Fisk (Monczyk), Hanka (Anna)

Survivor/Camps
Czestochowa (Poland), Gabersdorf, Gross-Rosen

Fisk was born in 1924 in Czestochowa, Poland, which she describes as a beautiful town. She was one of ten children. Of her immediate family only she and two brothers survived the Holocaust. Her father sold coal and repaired glass for a living, and because he was very learned in religious matters, he was often called upon by neighbors to decide cases relating to divorce and family problems. She recalls some anti-Semitism before the war, but generally remembers a pleasant life.

In July 1939 Fisk’s older sister married in Oswiecim (Auschwitz). Fisk attended the wedding and stayed for a prolonged visit. Her father left immediately after the wedding and this was the last time she saw him. In the spring of 1940 Auschwitz was made Judenrein (free of Jews) and all Jews were sent to Sosnowiec. Fisk remembers how she saw her cousin’s two-month-old baby taken away from her by a German soldier and smashed against a wall. She says that this memory is the worst part of the war for her.

After arriving in Sosnowiec Fisk’s brother-in-law was taken away by the Nazis. She remained with her sister and sister-in-law. In December 1940 they received a telegram from home stating that her father had died of pneumonia. Because he had been so religious, the Germans put him in the basement of the Church of the Black Madonna, removed his clothing, and doused him in cold water for two weeks. Upon his release he was ill and died shortly thereafter.

Not long afterward the Jews of Sosnowiec were sent to Gäbersdorf. Fisk recalls that the transport was crowded and that they had little food. They rode in boxcars with the livestock and conditions were filthy.

At Gäbersdorf Fisk worked at a cotton factory.

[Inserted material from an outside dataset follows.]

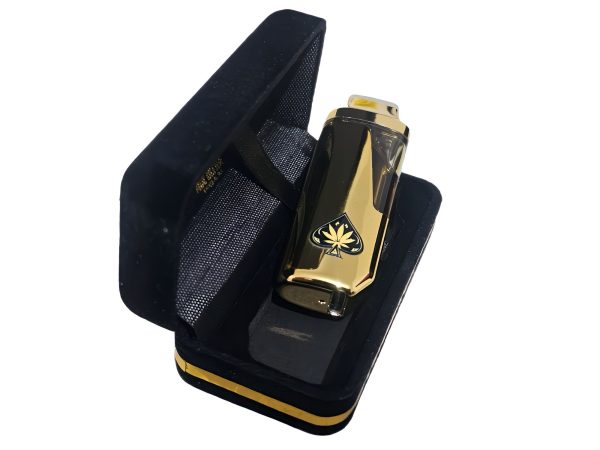 Ace Ultra Premium – Tropical Twilight (Híbrida) | 2g Pod Desechable Desde Los Ángeles, California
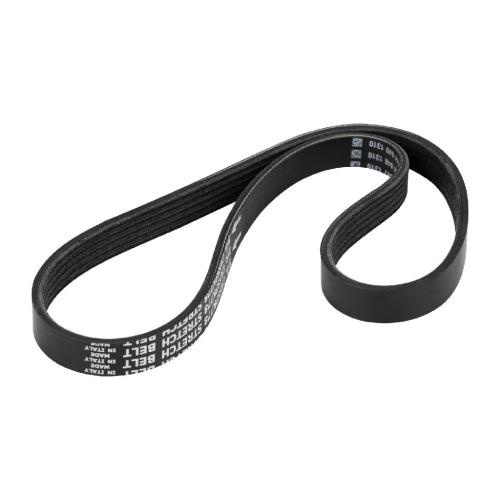 STRETCHY-BELT 5K0778 55230400 Bild STRETCHY-BELT 5K0778 55230400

She remembers the barracks as clean until Gäbersdorf became a concentration camp under SS control in 1942. A German officer offered to hide her in his home but she refused to leave the camp. She also saw Himmler at a roll call and feels the factory director saved her life by telling Himmler that she was needed to work in the factory.

Fisk states that the soap the prisoners were issued was called “RYF”–Rheine Yiddishe Fat–and they believed that it was made from the bodies of Jewish children.

After liberation by the Russians on May 8, 1945, Fisk and others were taken by truck to Waldenburg, Germany. She met her husband there and together they searched for their families. They remained in Staufen, Germany, until 1949. She recalls that the Germans of the town were very friendly and claimed to have known nothing about the camps, although the town was rumored to have had many Nazis. She describes the incident when a small German girl was sitting on her lap and began to run her fingers through Fisk’s hair. When Fisk asked why the child was doing this, her mother responded that she was looking horns because Hitler had told them that all Jews had them.

In 1949 the Fisks immigrated to the United States and in 1958 were joined by Mrs. Fisk’s niece. She had been given to a Polish woman in 1943 and raised as a Catholic. The family found her in Sosnowiec.